2. Preliminar. Reconhecida a nulidade da decisão proferida em aclaratórios, por ausência mínima de fundamentação. Viabilidade, contudo, para que o mérito da causa seja apreciado nesta instância, ante a devolutividade ampla do recurso, a suficiência da instrução probatória e a possibilidade de imediato julgamento. Inteligência do disposto no art. 1.013, § 3º, inc. IV, do Código de Processo Civil.

3. Não identificados beneficiários de pagamentos realizados com verbas do FEFC, referentes à prestação de serviços de militância. Inobservância do regramento contido no art. 38 da Resolução TSE n. 23.607/19. Não apresentadas as cópias ou microfilmagens das cártulas utilizadas, providência que permitiria aferir se foram preenchidas nominalmente e com cruzamento aos fornecedores. Instrumentos de contratos firmados entre a candidata e os cabos eleitorais insuficientes para demonstrar que os descontos bancários na conta de campanha foram efetivamente creditados em favor dos contratados. Mantida a determinação de recolhimento dos valores irregulares ao Tesouro Nacional.

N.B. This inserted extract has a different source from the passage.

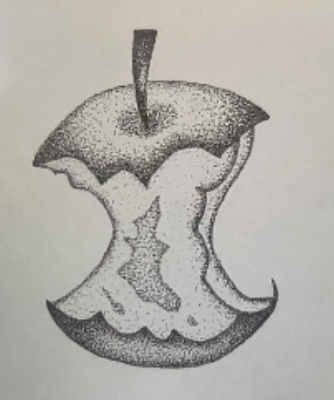 Detailed black and white stippled drawing of a partially eaten apple core with a visible stem.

4. O conjunto de falhas representa 76% da arrecadação total de recursos, inviabilizando a aprovação das contas com ressalvas com fundamento na aplicação dos princípios da razoabilidade e da proporcionalidade. Manutenção da sentença de reprovação.

5. Provimento negado.

(TRE-RS; REl n. 0600346-85.2020.6.21.0072; Relator: Des. Eleitoral Caetano Cuervo Lo Pumo, julgado em 26.9.2022, DJe de 28.9.2022.)

 

Por fim, registro que as irregularidades impugnadas alcançam R$ 3.850,00 e representam 76% da arrecadação total de recursos (R$ 5.100,00), inviabilizando, por si sós, a aprovação das contas com ressalvas por aplicação dos princípios da razoabilidade e proporcionalidade.

 

ANTE O EXPOSTO, rejeitada a preliminar, VOTO pelo desprovimento do recurso.